There's still hope that this undeniably terrible outcome — in which millions of youngsters would see their CHIP coverage terminated — won't come to pass, however. As Business Insider reported, congressional Republicans and Democrats could vote to provide the much-needed funding as part of the overall government funding measure before the end of the year. But they'd have to bridge serious disagreement to get there: Republicans want to cover the $15.6 billion annual cost of the program by reeling in Obamacare spending and Democrats want to legislatively strengthen Obamacare as part of CHIP reauthorization measures.
It will always be a blight on this Congress that they let CHIP funding lapse for the first time since its inception in 1997. But if kids actually start losing their health insurance before Congress comes up with a real solution, it will prove to be an unprecedented moral failing brought by "gridlock and dysfunction," as Virginia Gov. Terry McAuliffe said in a statement announcing that, at this rate, the state will run out of CHIP funding on Jan. 31.
Infuriatingly, though, it seems as though many other states are headed in that very same treacherous direction. According to The New York Times, for instance, the absence of reauthorization for the federally funded, state-administered CHIP programs will mean that 16 states will also run out of funding by the end of next month — leaving 4.9 million kids without the coverage they now enjoy. Of these, California, Connecticut, Texas, Utah, and Virginia have already announced that the programs will not go on once that time comes.
The situation is so dire that late night host Jimmy Kimmel brought his baby son, who has a heart condition requiring multiple corrective surgeries, on his show this week to plead with Congress to consider the 9 million children CHIP currently covers nationwide.

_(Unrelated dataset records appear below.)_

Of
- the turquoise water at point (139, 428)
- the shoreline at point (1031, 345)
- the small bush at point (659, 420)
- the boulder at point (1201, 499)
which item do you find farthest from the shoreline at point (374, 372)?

At the time, he tearfully lamented the fact that state governments — such as those in Connecticut and Utah — are planning to send letters telling parents and guardians to, essentially, start thinking about making other health insurance arrangements for their kids. That is, if they can afford it, as Kimmel said:
Now CHIP has become a bargaining chip. It's on the back burner while they work out the new tax plans. Parents of children with cancer, diabetes and heart problems are about to get letters saying their coverage could be cut off next month. Merry Christmas, right?

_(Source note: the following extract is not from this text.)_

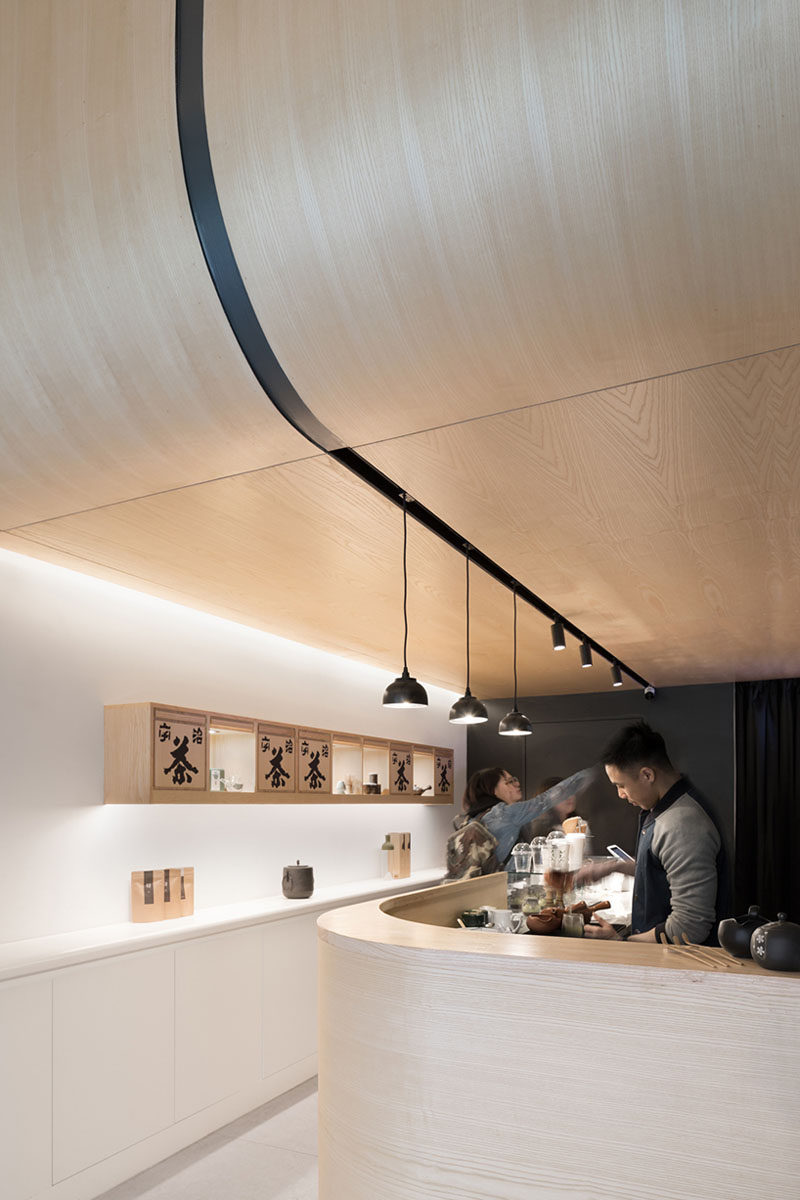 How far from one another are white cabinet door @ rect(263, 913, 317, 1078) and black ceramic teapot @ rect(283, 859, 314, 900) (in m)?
0.27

Perhaps it's a bit of a saving grace that not all of the millions of kids who currently rely on their states' iterations of CHIP will be without health insurance if the program doesn't get the funding it needs. In some states, where CHIP money was allocated toward expanding Medicaid, that program will still have to cover CHIP-qualified, according to Business Insider. The parents in other states will be forced to purchase coverage, through the Affordable Care Act marketplace or from an employer, if they can swing it financially.
That doesn't change the fact that failing to reauthorize CHIP jeopardizes the health care — and very well-being — of millions of American children. And that's inexcusable.